■ WHAT TO WORK ON ■
Take the entries that follow and return exactly the lines from the one holding "Air Jordan 1 Low 黑白绿 553558-092" through the one holding "Trải Nghiệm Bộ", both included. Nothing else is needed.

■ TASK INPUT ■
_ _ _

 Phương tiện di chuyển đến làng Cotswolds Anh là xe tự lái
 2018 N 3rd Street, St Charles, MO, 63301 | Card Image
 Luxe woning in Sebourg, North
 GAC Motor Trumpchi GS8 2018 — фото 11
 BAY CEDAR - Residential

_ _ _

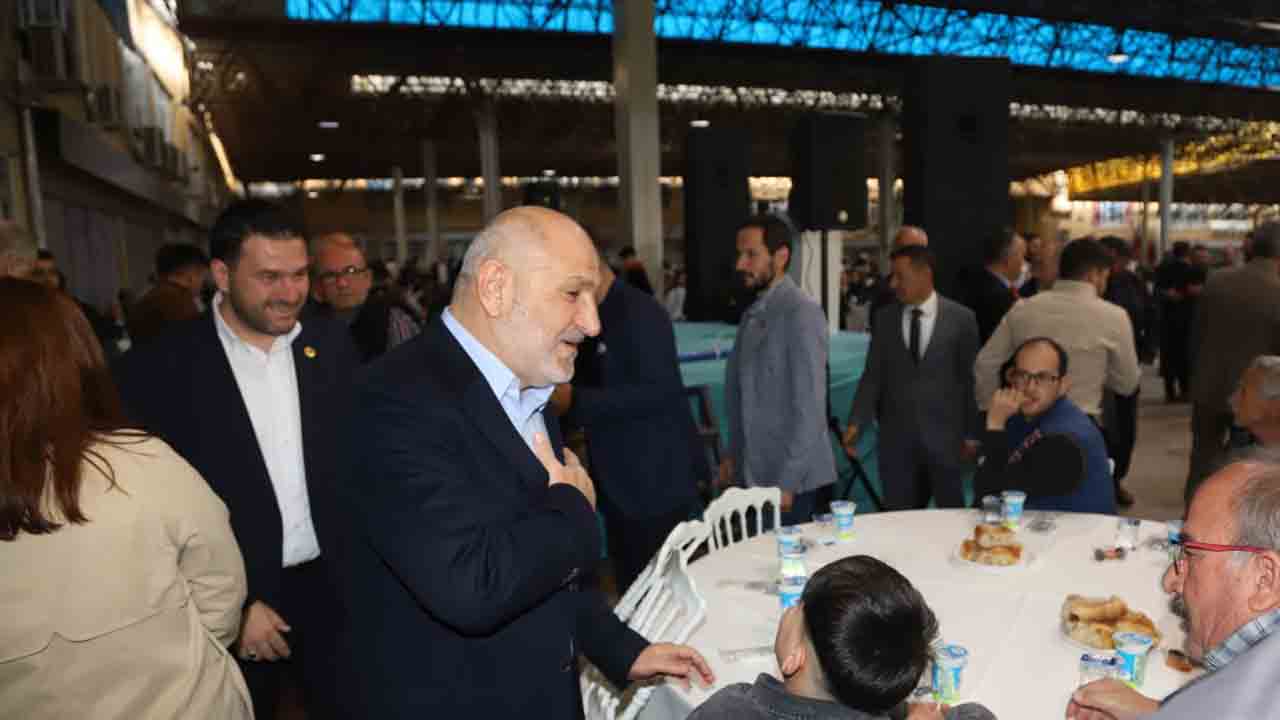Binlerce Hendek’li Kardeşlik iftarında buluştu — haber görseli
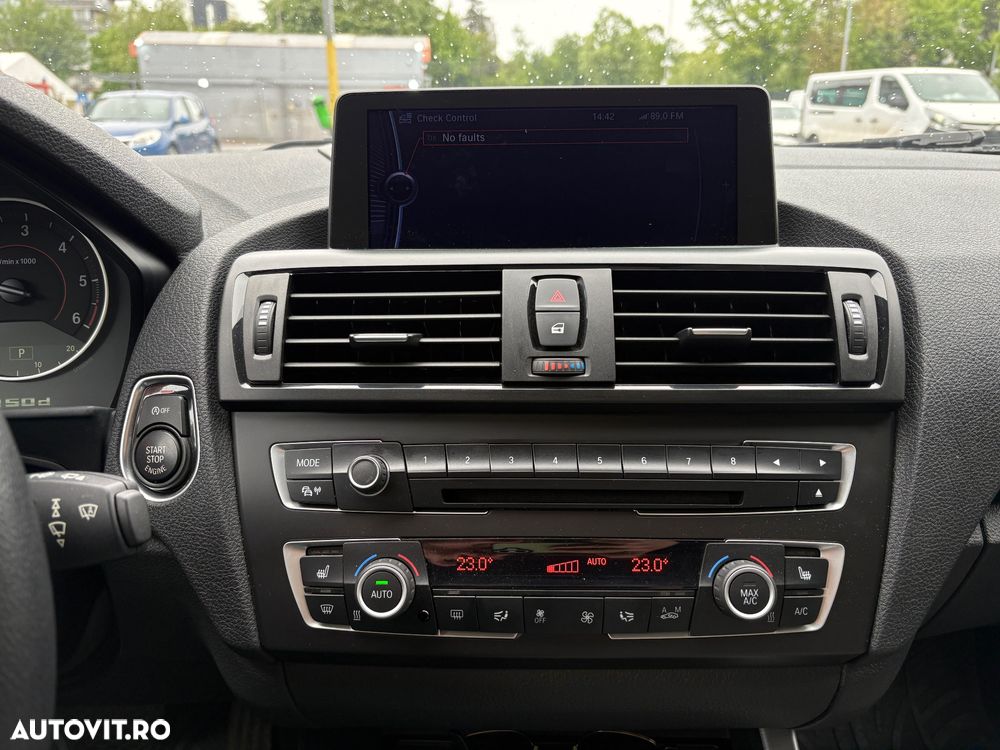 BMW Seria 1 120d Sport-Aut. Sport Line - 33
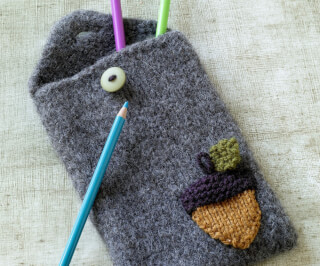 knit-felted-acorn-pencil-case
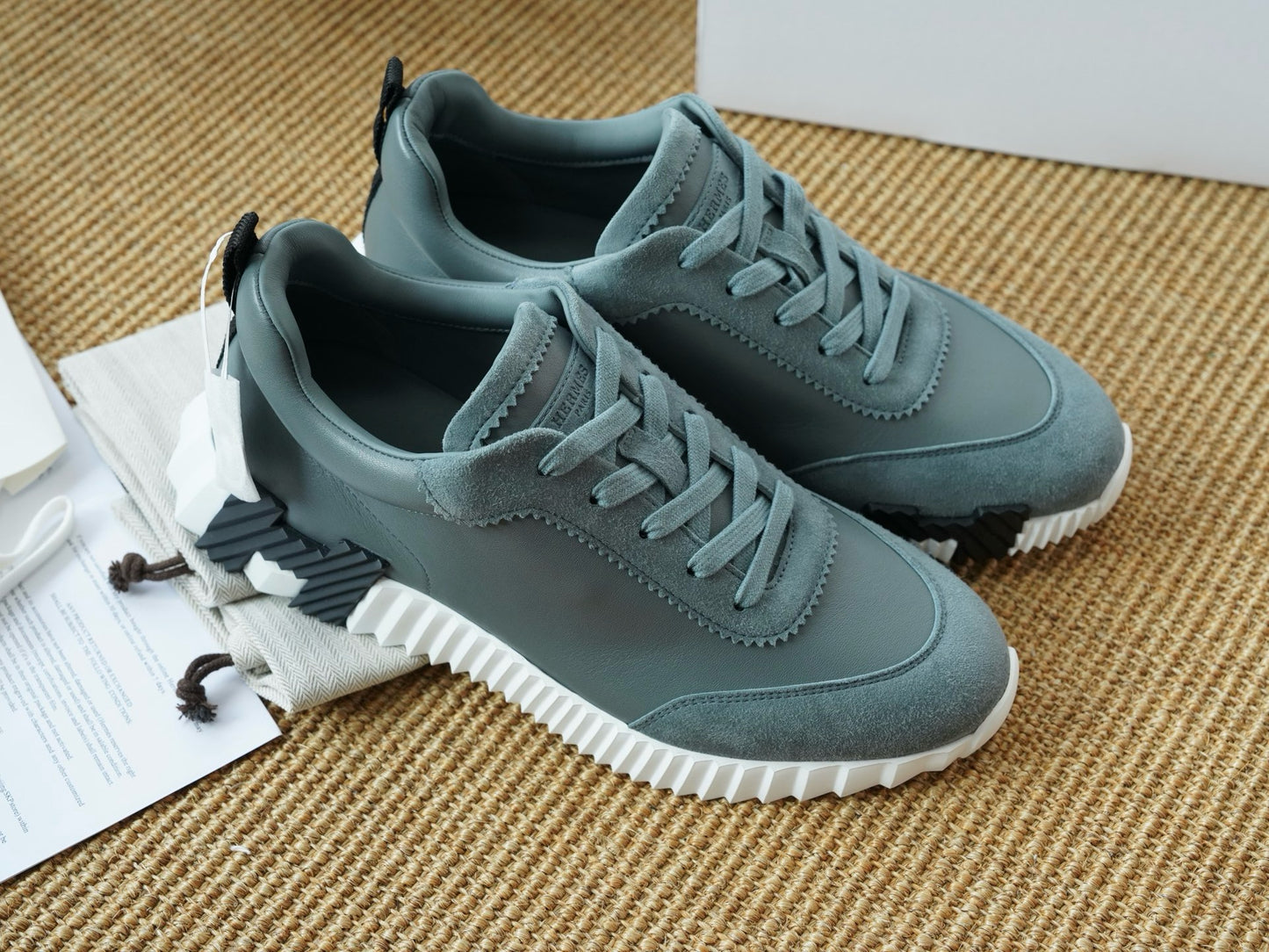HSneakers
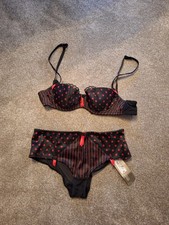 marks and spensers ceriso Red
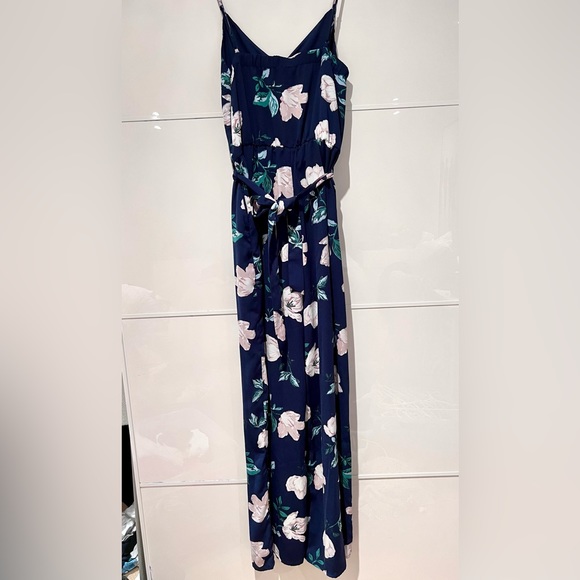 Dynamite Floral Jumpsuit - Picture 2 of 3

_ _ _

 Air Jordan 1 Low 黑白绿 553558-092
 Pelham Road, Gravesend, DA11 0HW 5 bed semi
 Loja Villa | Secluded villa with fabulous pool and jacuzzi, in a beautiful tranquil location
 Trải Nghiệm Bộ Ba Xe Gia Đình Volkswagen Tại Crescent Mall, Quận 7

_ _ _

■ OUTPUT FOR THIS TASK ■
 Air Jordan 1 Low 黑白绿 553558-092
 Pelham Road, Gravesend, DA11 0HW 5 bed semi
 Loja Villa | Secluded villa with fabulous pool and jacuzzi, in a beautiful tranquil location
 Trải Nghiệm Bộ Ba Xe Gia Đình Volkswagen Tại Crescent Mall, Quận 7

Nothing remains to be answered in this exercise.